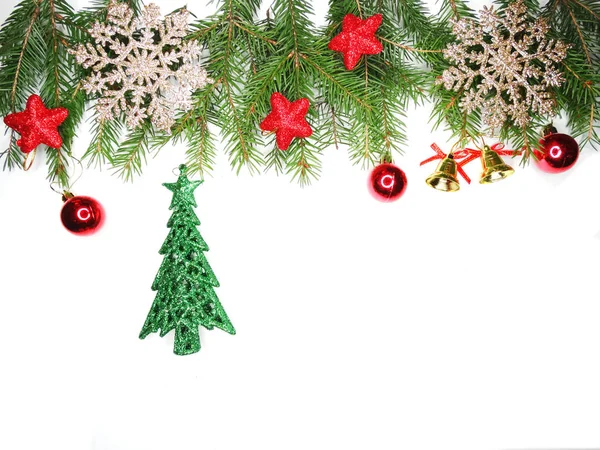 Kerst decoratie compositie bij spar takken op witte achterzijde — Stockfoto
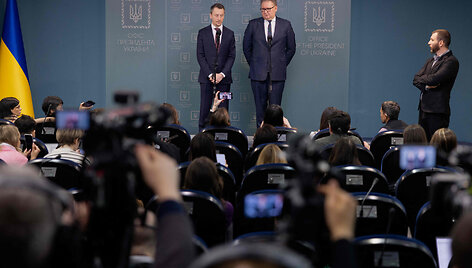 Ukrainos pareigūnai / TETIANA DZHAFAROVA / AFP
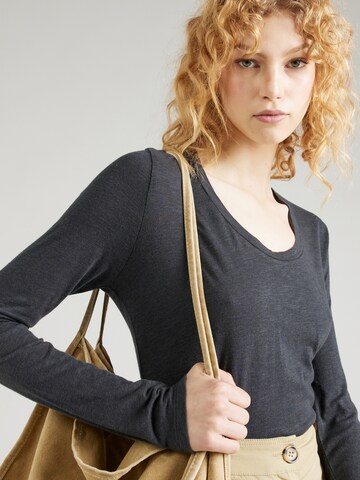 Maglietta 'JACKSONVILLE' di AMERICAN VINTAGE in blu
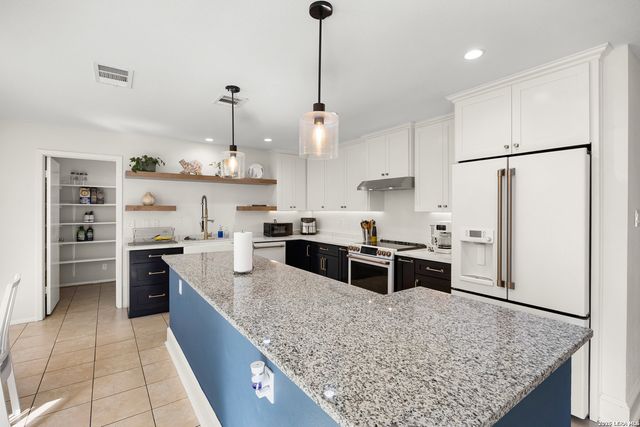 11719 Bridge Hampton, San Antonio, TX 78251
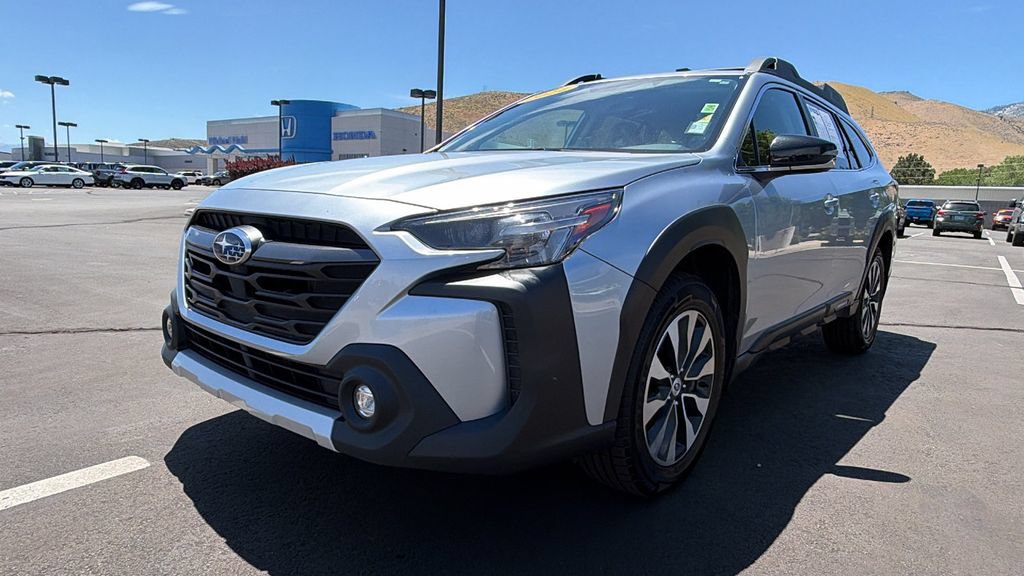 Used 2024 Subaru Outback Limited AWD/4WD image 7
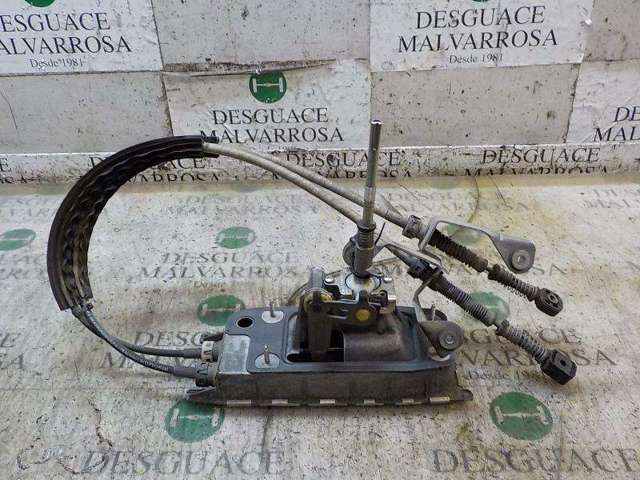 Mechanizm zmiany biegów (cięgno) 1K0711061A VAG
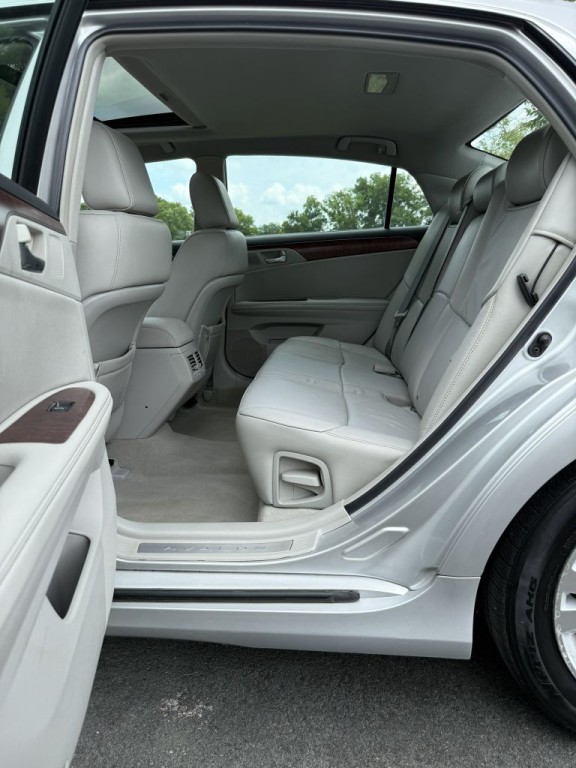 2012 Toyota Avalon Image 10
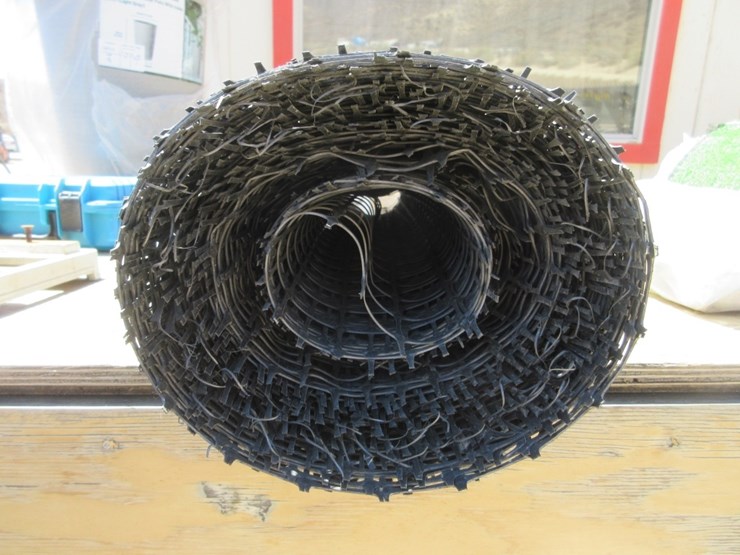new-unused-3.3'-x-164'-plastic-mesh-fencing-roll-image-5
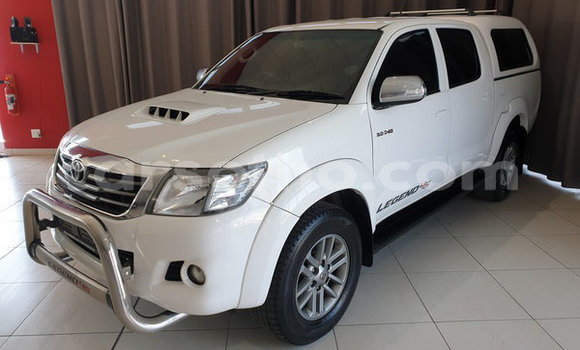 Acheter Occasion Voiture Toyota Hilux Blanc à Mafeteng, Mafeteng Acheter Occasion Voiture Toyota Hilux Blanc à Mafeteng, Mafeteng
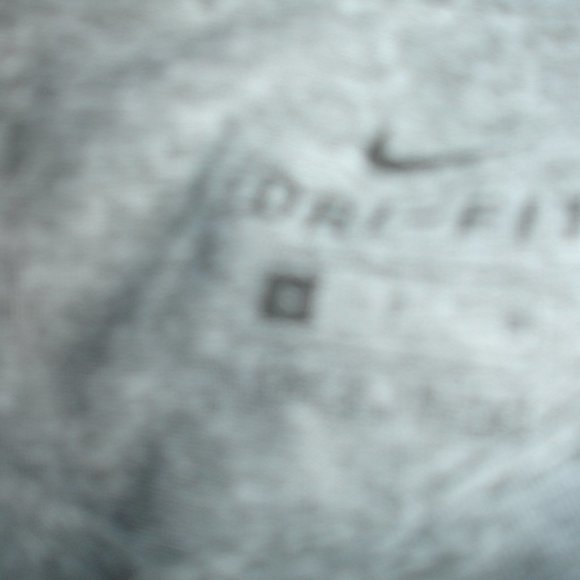 New Iowa Hawkeyes Sleeveless Nike Dri-Fit Shirts - Go Hawks !! - Iowa Hawkeyes ! - Picture 4 of 7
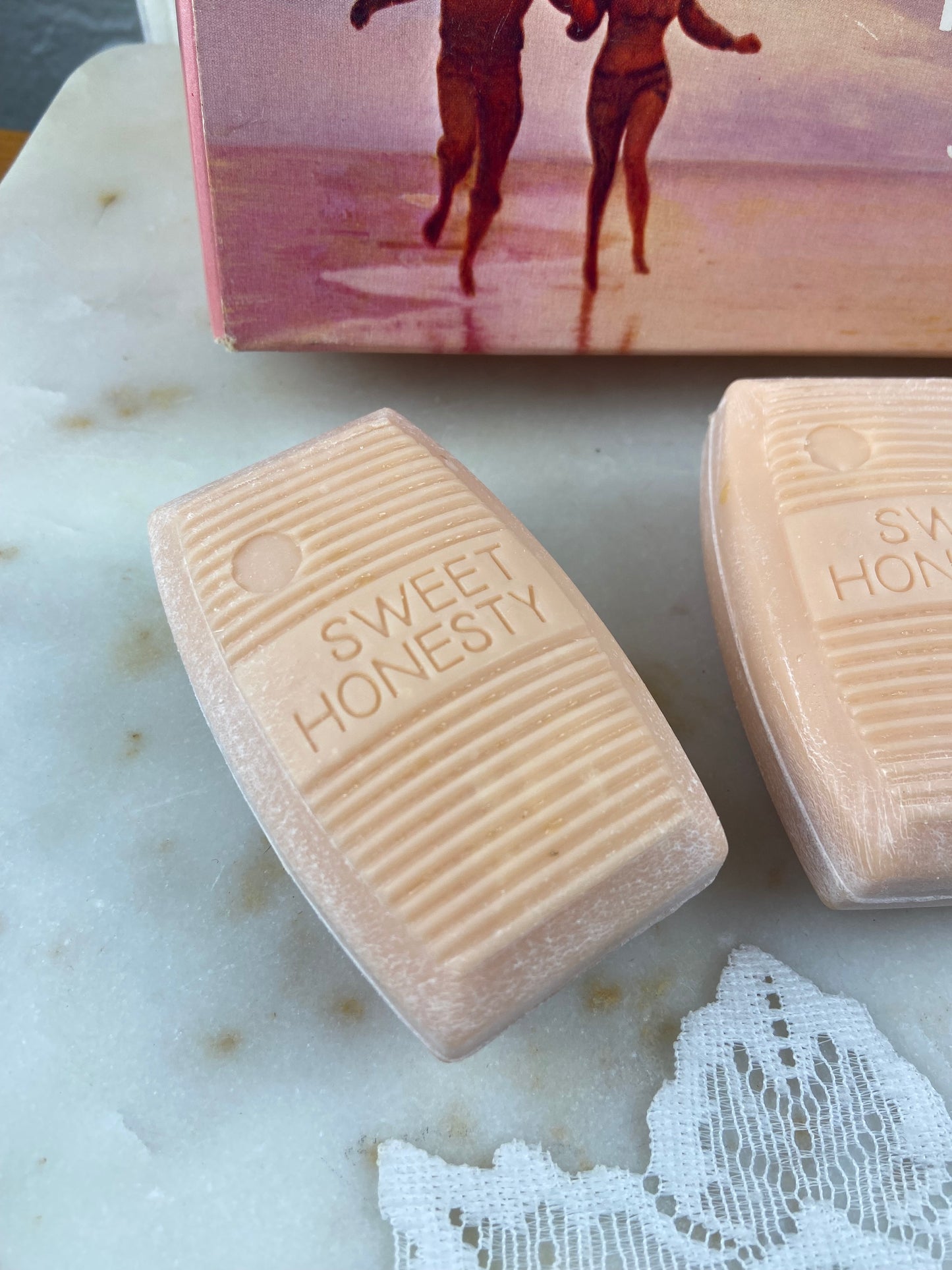 Vintage Avon 'Sweet Honesty' Boxed Perfumed Soap Set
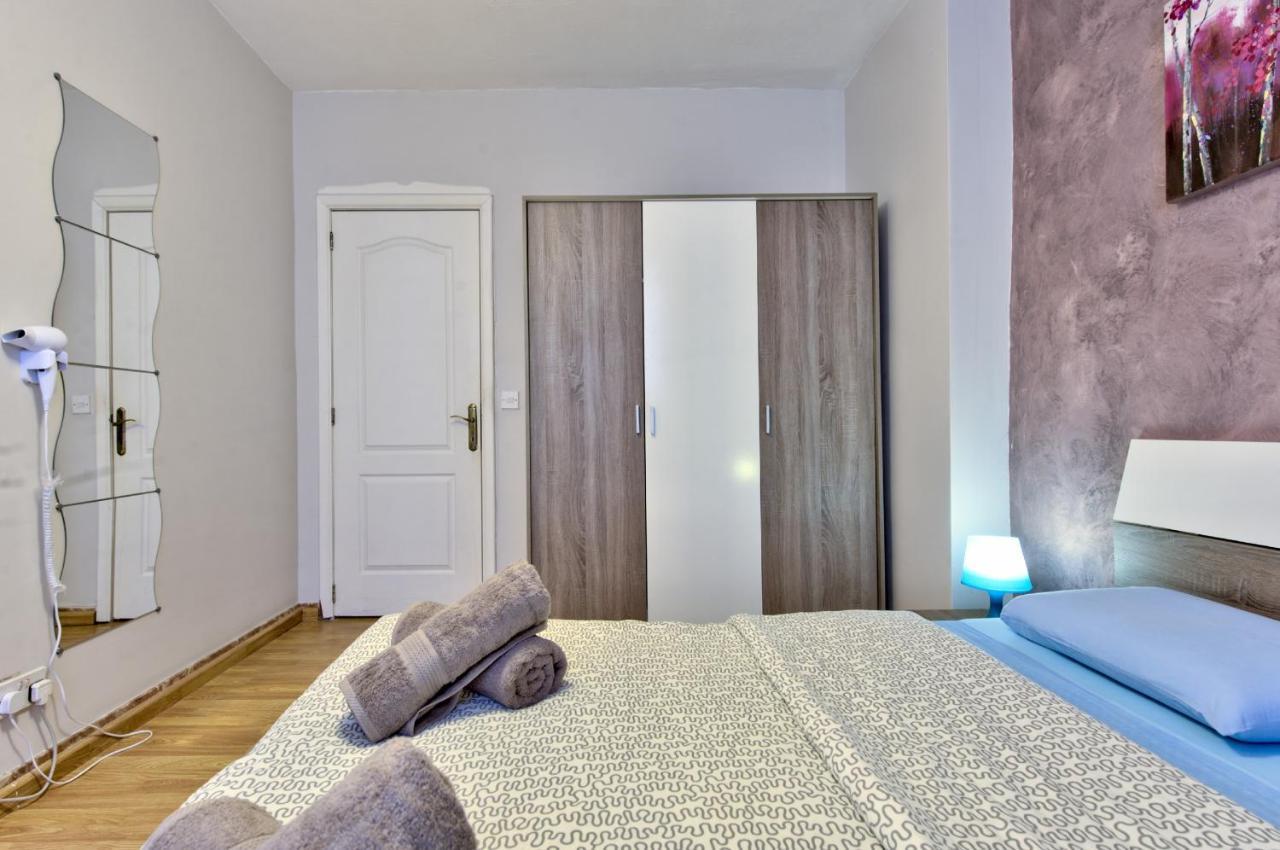 Spinola Court - Stunning Seaview Apartment & Penthouse On Spinola Bay By Shortletsmalta St. Julian's Exterior foto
- - - -
Exercise instructions:
Lines from the one that contains "Vintage Avon 'Sweet" to the final line of the material are the whole answer. Reproduce them word for word and skip the pictures.

Answer space:
 Vintage Avon 'Sweet Honesty' Boxed Perfumed Soap Set
 Spinola Court - Stunning Seaview Apartment & Penthouse On Spinola Bay By Shortletsmalta St. Julian's Exterior foto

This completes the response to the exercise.